Welshpool RFC
- Full name: Welshpool Rugby Football Club
- Founded: 1926
- Location: Welshpool, Wales
- Ground(s): Maes y Dre Recreation Ground
- Chairman: Jake Best
- Coach(es): Daley Jones
- Captain(s): Ryan Goodwin
- League(s): WRU Division Two North
| Team kit |

= Welshpool RFC =

Welshpool Rugby Football Club (Clwb Rygbi'r Trallwng) is a rugby union club based in the Mid Wales town of Welshpool, whose first XV play in the Welsh Rugby Union National League, Division 2 North.

The club also run a 2nd XV, a Women's side, Youth team, a Junior section for players aged 4–16 and two joint girls sides at Under 15s and Under 18s.

The club was founded in 1926, before later being disbanded and reformed in 1967. The club's playing field is based at the Maes y Dre recreation ground in Welshpool. Changing facilities and clubhouse are shared with the local cricket club.

The club's traditional home colours are navy blue and white; although the 1st XV are currently playing in a home navy and white kit from VX3 and a white away kit from VX3 the main club sponsor is Trederwen Springs.

The club captain for the 2024-25 season is Ryan Goodwin.

The 1st XV have earned promotion to Division 1 North for the 2025/26 season with an impressive 3 league games still to play.

==History==

Since reforming in 1967, Welshpool Rugby Club has become both a member of the Mid Wales District Rugby Union and the Welsh Rugby Union, which the club joined in 1992. At other times in the club's history it has also been a member of the North Wales Rugby Union and the Shropshire Rugby Union.

In the club's early days, there were no other clubs in the Montgomeryshire area, so most fixtures took place against sides from Shropshire: the club's first fixture after reformation was a 23-14 victory over Shrewsbury Wednesdays, and the 1967-68 fixture list included fixtures against English sides such as Bridgnorth and Newport (Salop) Rugby Union Football Club, as well as Welsh opposition such as Builth Wells, Aberystwyth and Ruthin. To the current day, the club still play regularly against Shrewsbury and Oswestry in the pre-season.
As more clubs were formed or re-formed in Mid Wales towns such as Newtown and Llandrindod Wells (both of whom played their inaugural fixtures against Welshpool), more fixtures came to be played against Mid Wales opposition, with the club being involved in the Mid Wales League from its earliest seasons, and where the club's 2nd XV participated for many years.

Like many clubs, however, Welshpool wished to become a full member of the WRU, and was granted membership in the early 1990s, initially competing against teams from all over Wales in Divisions 7 and 8, before becoming a part of the new North Wales league structure, in which they competed in the North Wales Division Two alongside teams such as C.O.B.R.A., Machynlleth and Rhyl, before suffering relegation to Division Three for the 2011-12 season.

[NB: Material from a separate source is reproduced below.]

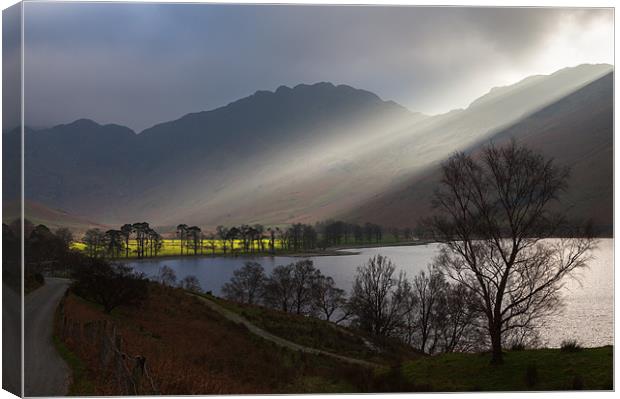 Spotlight on Buttermere Canvas Print by Ian Duffield
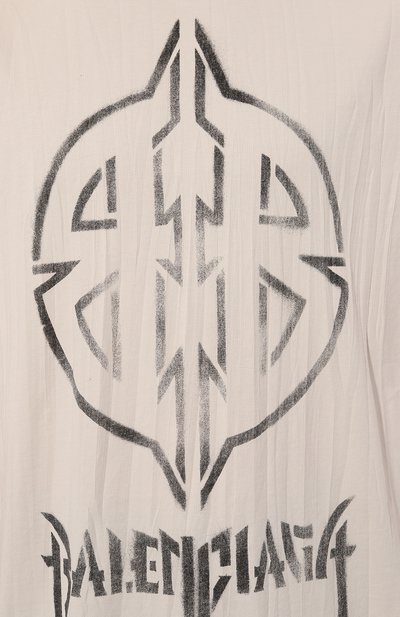 Хлопковая футболка BALENCIAGA, арт. 787349/TQVT1, фото 5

Since the struggles of the 2011-12 season, the club has begun an ambitious rebuilding program, and they now run a dozen regular sides at all ages. The club now has two full-sized playing fields with additional training areas, and plans are being worked on to redevelop other club facilities to accommodate the surge in player numbers.

Welshpool Rugby Club hosted the first mixed sex T1 Rugby to be televised, with the event being covered for S4C. The match was against Oswestry Rugby Club, and took place on the 13th of December 2023.

The clubs official fan club ‘The Ultras’ was formed at the start of the 2024/25 season by founding members Ryan Manuel, Harry Gannon & Little Bov.